*TASK*:
Return all the data below as it stands, minus the pictures.

(AVAILABLE DATA begins)

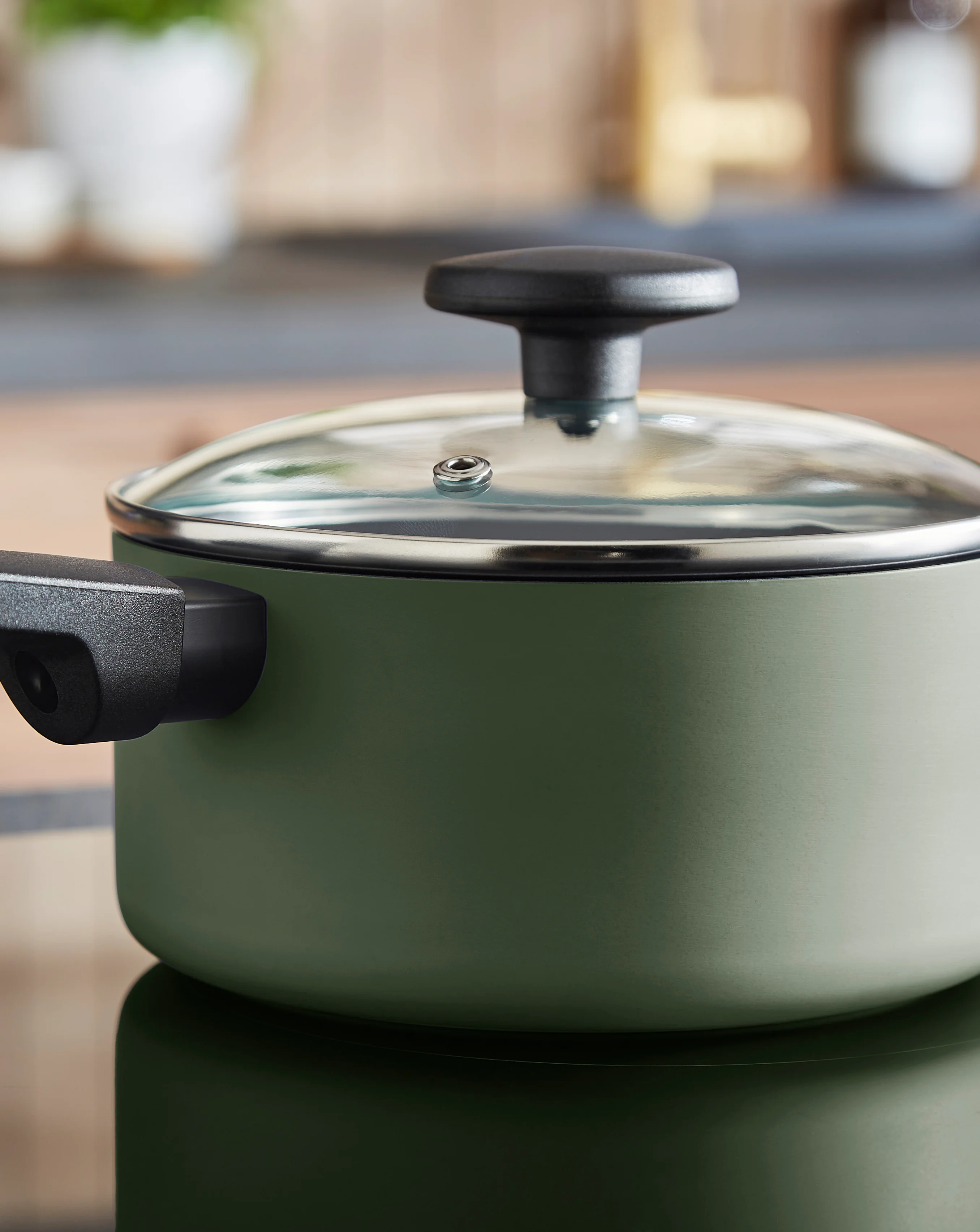 Morphy Richards 3 Piece Recycled Aluminium Saucepan Set - Green - Image 8
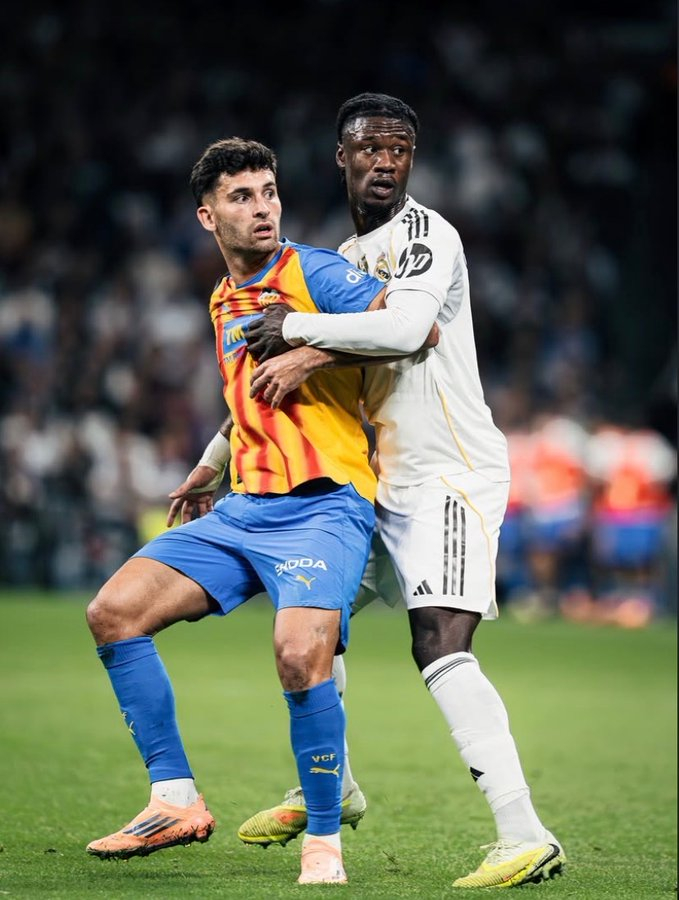 由于楚阿梅尼受伤，卡马文加今晚将被迫担任中场核心。卡马文加还没有完全掌握防守型中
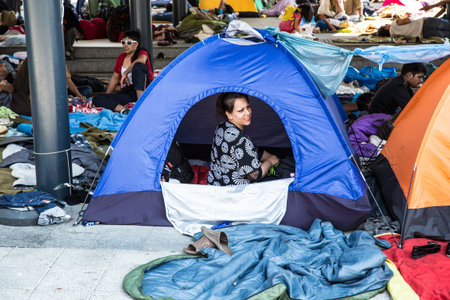 BUDAPEST, HUNGARY - AUGUST 31: Refugees and illegal immigrants stranded at the eastern Train Station on August 31, 2015 in Budapest, Hungary.のeditorial素材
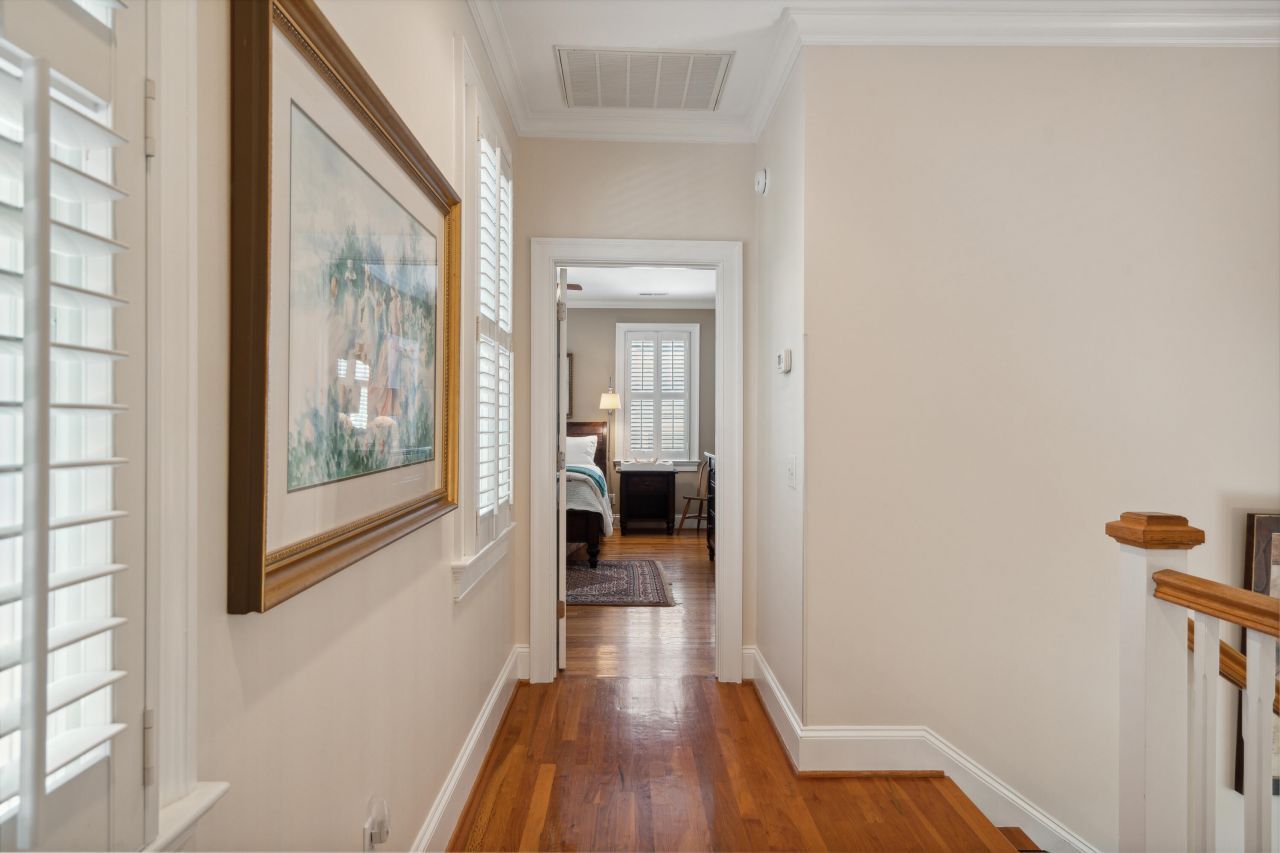 50 Serendipity Street Photo 18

(AVAILABLE DATA ends)

*YOUR RESPONSE*:
 Morphy Richards 3 Piece Recycled Aluminium Saucepan Set - Green - Image 8
 由于楚阿梅尼受伤，卡马文加今晚将被迫担任中场核心。卡马文加还没有完全掌握防守型中
 BUDAPEST, HUNGARY - AUGUST 31: Refugees and illegal immigrants stranded at the eastern Train Station on August 31, 2015 in Budapest, Hungary.のeditorial素材
 50 Serendipity Street Photo 18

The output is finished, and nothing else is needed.